Omneya Abdel Kawy (; born 15 August 1985, in Cairo) is a former professional squash player from Egypt.

Career
Omneya crowned a successful junior career in 2003 in her home city of Cairo when she became the first Egyptian woman to win a world junior title having won the 2003 World Junior Championship; she had previously been the runner up to Nicol David in 1999 and 2001. Such was already competing on the WISPA Tour during her mid teens.

She reached number seven in the world rankings early in 2005 and achieved match ball against world number one Rachael Grinham in the final of the Hurghada International in her home country, though she eventually lost the match. She also reached another two finals, in the Harrow, Greenwich Open and the Dayton Open, both in the United States, and finished as a runner up. Omneya then won the Marsh McLennan title by beating Vicky Botwright.

2006 saw Omneya avenge the Hurghada International loss the previous year when she turned the tables in a pulsating final to win the event in front of her home supporters. In 2007, she won the Dayton Open by beating Jaclyn Hawkes of New Zealand with a score of  9–5, 9–5, 3–9 and 9–5.

She became the first Egyptian woman to break into the world top 4 and was the first Egyptian woman to reach a world individual final at the 2010 Women's World Open Squash Championship.
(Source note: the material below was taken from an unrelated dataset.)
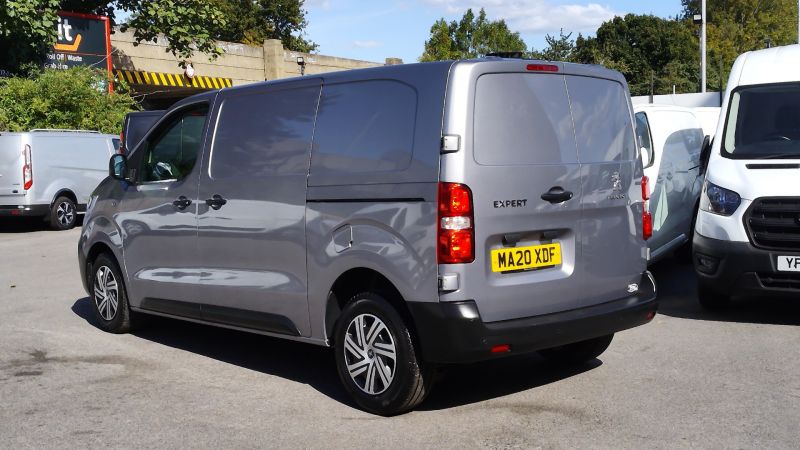 PEUGEOT EXPERT 2.0 BLUEHDI PROFESSIONAL L1 SWB IN GREY WITH SAT NAV,AIR CONDITIONING,PARKING SENSORS AND MORE - 2922 - 5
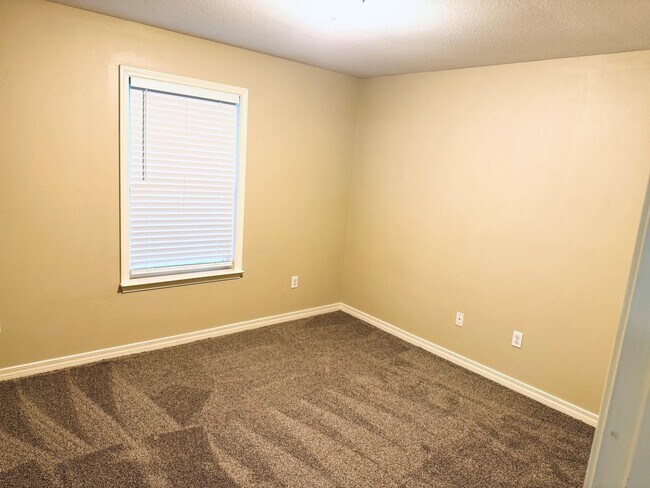 Building Photo - 594 Hunters Ridge Rd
In 2012, she was part of the team that regained the world team title after winning a gold medal at the 2012 Women's World Team Squash Championships.

In 2014, she was part of the Egyptian team that won the bronze medal at the 2014 Women's World Team Squash Championships.

In 2016, she won her third world team title as part of the Egyptian team that won the gold medal at the 2016 Women's World Team Squash Championships.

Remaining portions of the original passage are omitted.